== DATA LISTING ==

^^^^^^^^^^^^^^^^

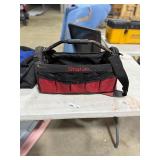 SNAP ON TOOL BAG SNAP ON TOOL BAG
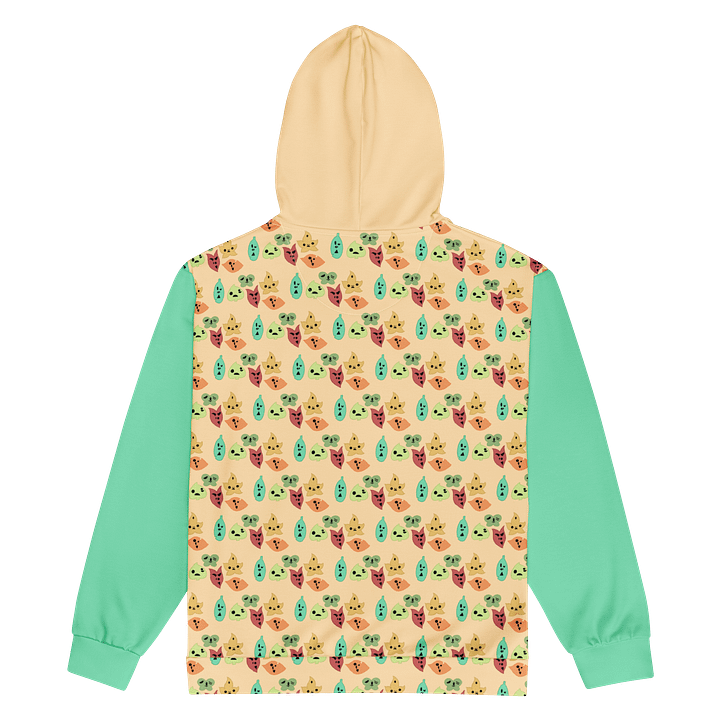 Korok Hoodie product image (2)
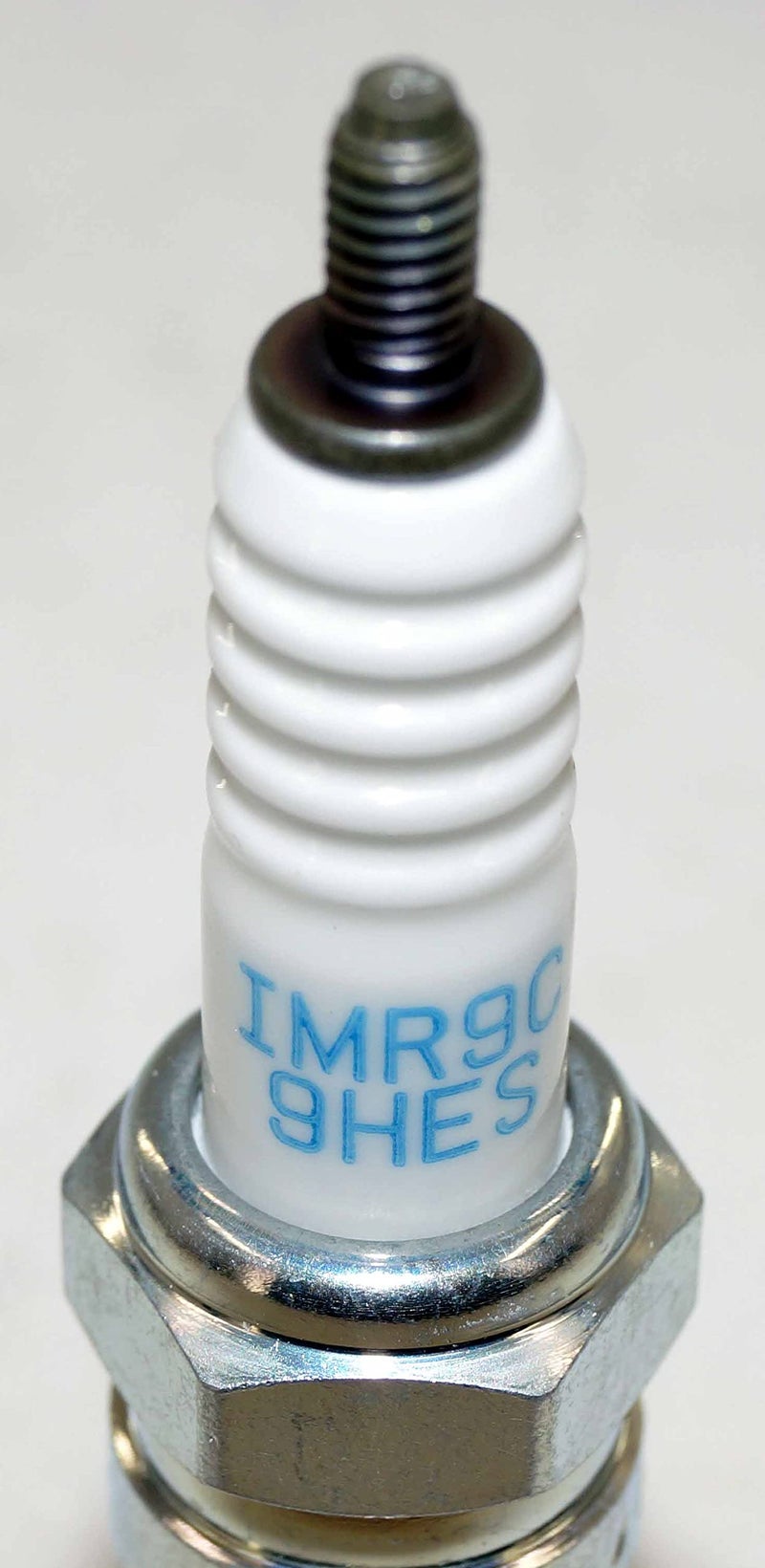 NGK شمعات الإشعال NGK (5766) IMR9C-9HES - عبوة من 4 - Image 5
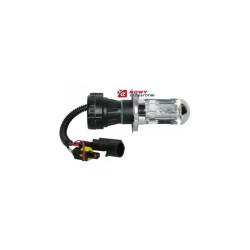 Palnik Xenon H4-3 6000K BIX 1szt M-Tech Bixenon H/L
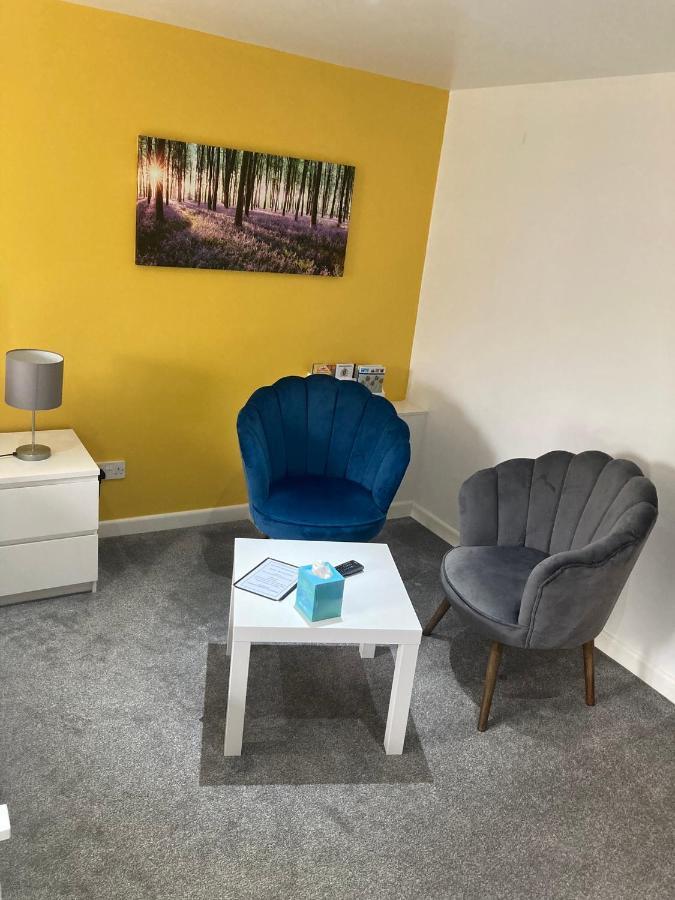 The Sun B&B Rooms Winforton Εξωτερικό φωτογραφία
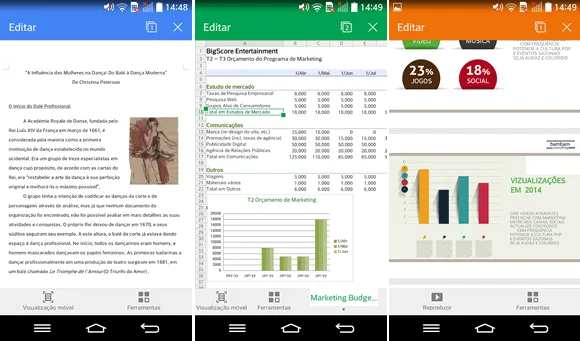 WPS Office Aplicativo para estudantes - WPS Office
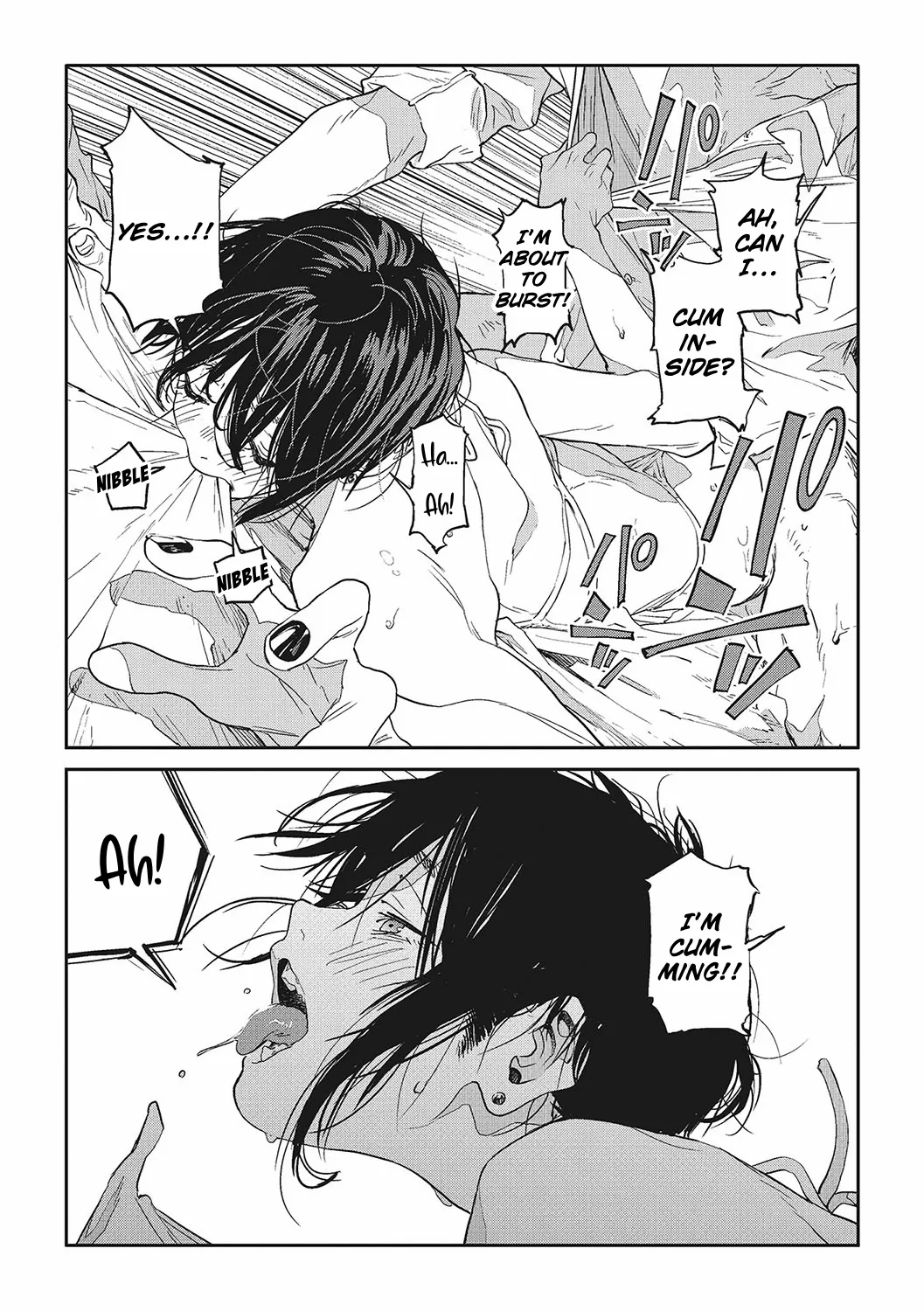 Twisting Thread page 80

^^^^^^^^^^^^^^^^

Take the line containing "Korok Hoodie product image (2)" as the first line and the last line of the data above as the final one, and output exactly the lines between them, inclusive, with no pictures.

 Korok Hoodie product image (2)
 NGK شمعات الإشعال NGK (5766) IMR9C-9HES - عبوة من 4 - Image 5
 Palnik Xenon H4-3 6000K BIX 1szt M-Tech Bixenon H/L
 The Sun B&B Rooms Winforton Εξωτερικό φωτογραφία
 WPS Office Aplicativo para estudantes - WPS Office
 Twisting Thread page 80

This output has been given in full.